### DATA PROVIDED
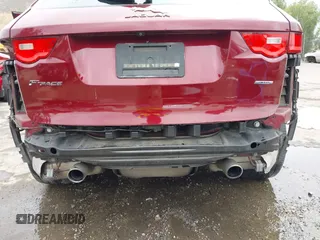 2017 Jaguar F-Pace 35t Prestige с VIN SADCK2BV3HA078231, выставлен на аукционе IAAI как лот 42101243 с пробегом 128 533 миль миль и . История ставок и продаж доступна на DreamBid. Изображение 18.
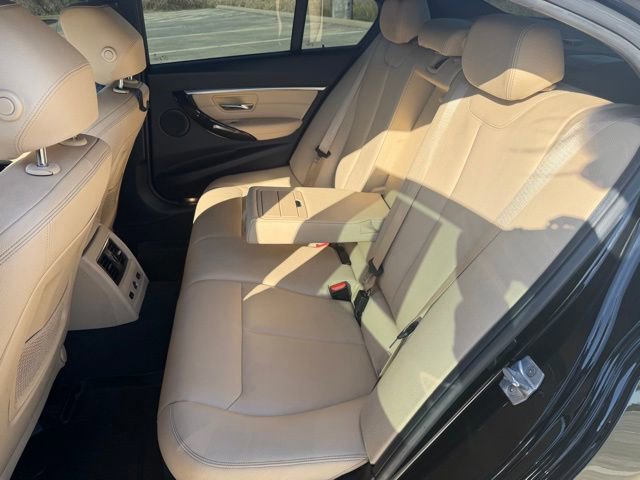 Used 2017 BMW 330i xDrive Sedan image 13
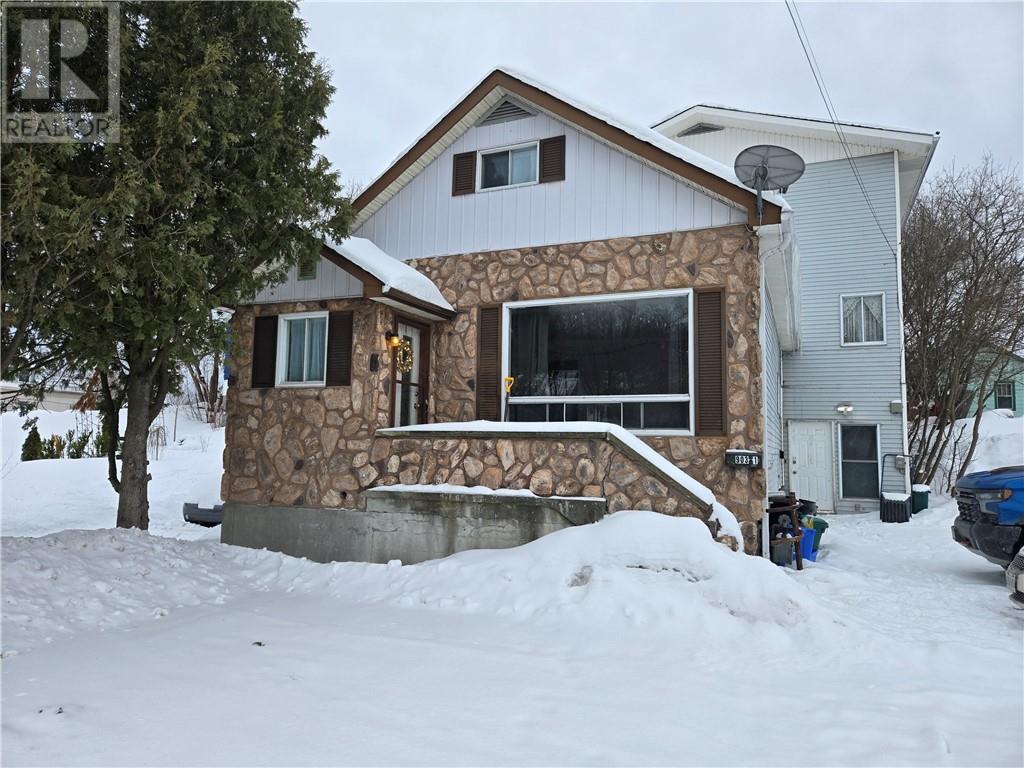 903 Howey Drive Property Photo 1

### REQUIREMENT
Please repeat the listing precisely, excluding the pictures it contains.

### TASK ANSWER
 2017 Jaguar F-Pace 35t Prestige с VIN SADCK2BV3HA078231, выставлен на аукционе IAAI как лот 42101243 с пробегом 128 533 миль миль и . История ставок и продаж доступна на DreamBid. Изображение 18.
 Used 2017 BMW 330i xDrive Sedan image 13
 903 Howey Drive Property Photo 1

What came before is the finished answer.